Microsoft Powerpoint is a curious thing, part visual package, part Microsoft Word, intended to fill the gap for the non IT literate person to create a visual and engaging display, used in most business cases to bolster their pitch or presentation.
Something so dependant on visual content, you would think might require the expertise of a designer for the more important presentations, however this is rarely the case (far be it from me to suggest that designers should be employed more often….).
Typically presentations need to be made quickly, and demonstrate the knowledge of the sales person giving the presentation, so time is a huge limitation – as is budget clearly, where a decent designer doesn’t always come cheap.
So, given this conflict, I’m going to try and explore some of the themes that lead to an effective Powerpoint display, some pointers for those of you who aren’t designers, but are in the business of creating presentations.
So beginning with a couple of obvious points.
1. Support what you’ll say, don’t write what you’ll say
A small point, but a crucial one.

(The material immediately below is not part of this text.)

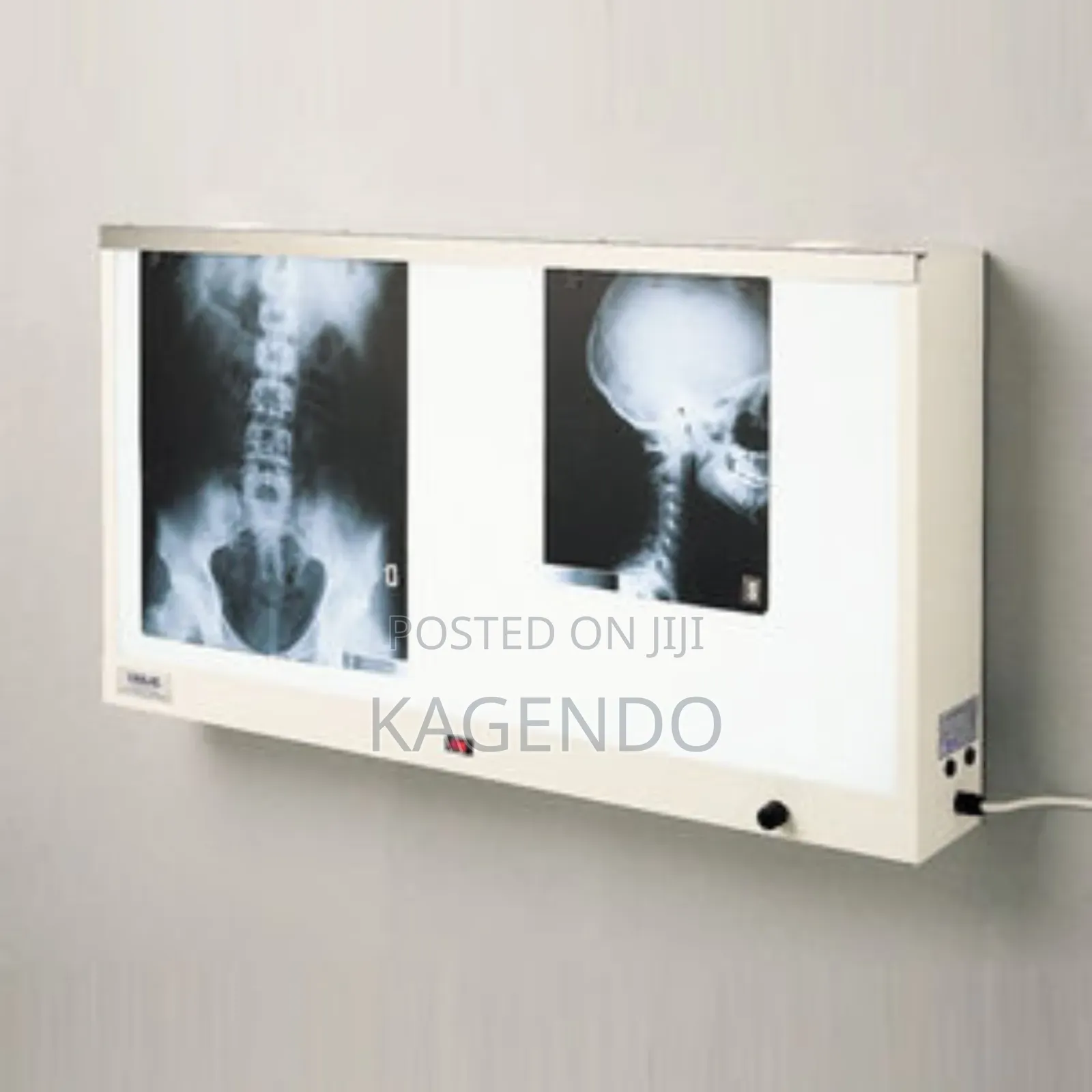 Xray Viewer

Powerpoint presentations should be used to support and enhance your spoken presentation, and not literally be your spoken presentation.
There can be a temptation to pre-write, and read out – saving the need to ad-libbing or proper presenting, but this will fail immediately. You will instantly lose the interest of your audience while they skim read every new slide, and their imagination will be elsewhere, rather than with your subject matter – which is where it should be.

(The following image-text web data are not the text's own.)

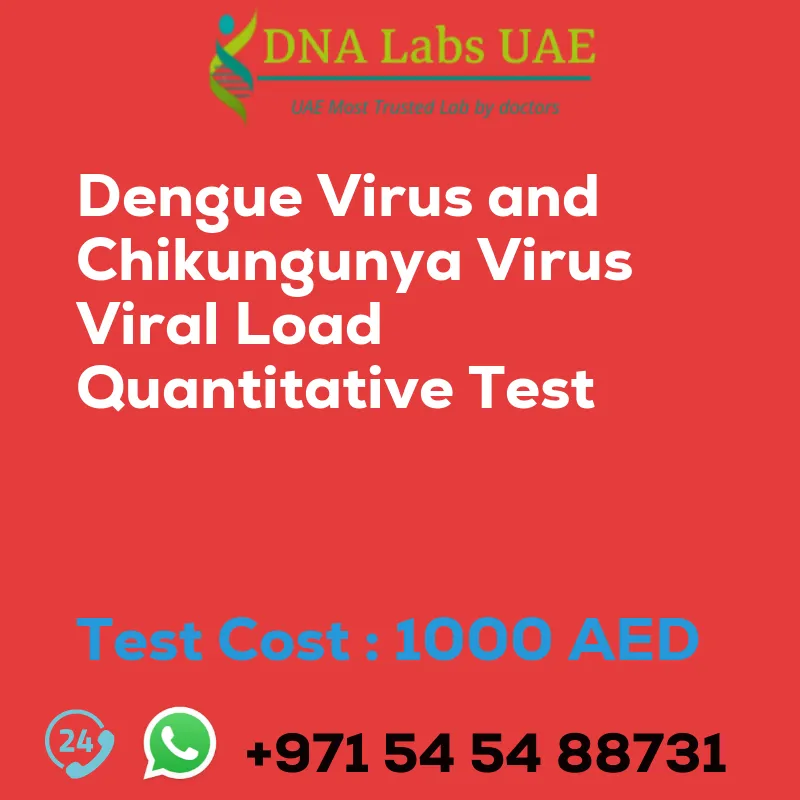 Dengue Virus and Chikungunya Virus Viral Load Quantitative Test sale cost 1000 AED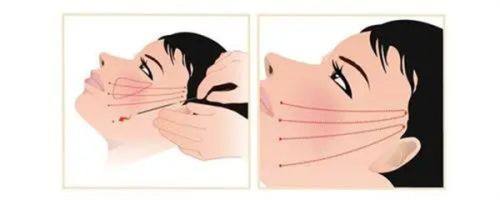 五、如何降低隆胸手术的风险与危害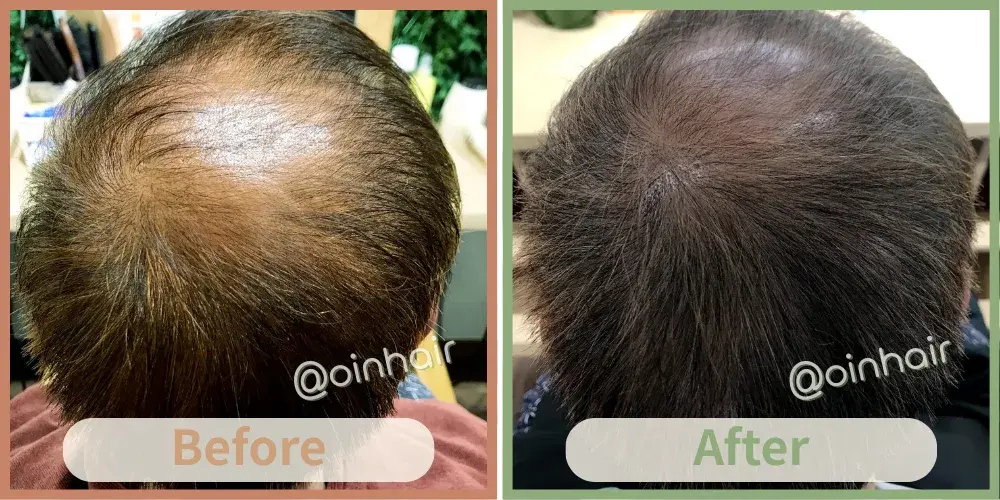 OiN Hair 雄性禿中期修復案例 - 激活地中海萎縮毛囊，重拾秀髮自信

2. Concise with content, no cramming
- Keep your text font a healthy size, allow ample spacing, and spread your content out.
- Nobody wants to be hammered with several slides FULL of small text, it’s intimidating, off putting, and again you’ll quickly lose your viewers.
- Split them up into bite size chunks, use clear headers, make use of bullet point lists but only when relevant, you’re onto a winner.
Time to design!
3. Consistent visual theme
- Keep your titles in a consistent location on the slide, using the same font
- Keep your text neatly arranged in the same alignment throughout the slides, using the same font size and spacing
- Use bullet point lists? keep the same bullet – and perhaps match the colour to your brand colour
- Using imagery? Again make it consistent, no clip art followed by landscape photos please
4. Avoid horrible generic powerpoint styles
Stay well away from the pre-created PPT templates, your customers will have seen them, and you’ll be seen as the kind of person who likes the quick way out.
Think of those styles you associate with 90s power points, long wavy fades, or big pointless geometric shapes… know what I mean?
5. Use media!
It’s modern times, machines can handle video, audio and all sorts without any problems. Use that to your advantage.
If someone’s presenting to you, don’t you perk up at the sign of a video or audio clip?
At the very least make sure any imagery you use is sharp and modern. Make sure your presentation uses rich and contemporary media as much as is possible.
So there are some pointers for your next powerpoint presentation. Remember you want to show that you give attention to detail, and to stand out amongst other presenters – that extra 5 minutes on your presentation will ensure your audience takes note and leaves feeling ultra impressed.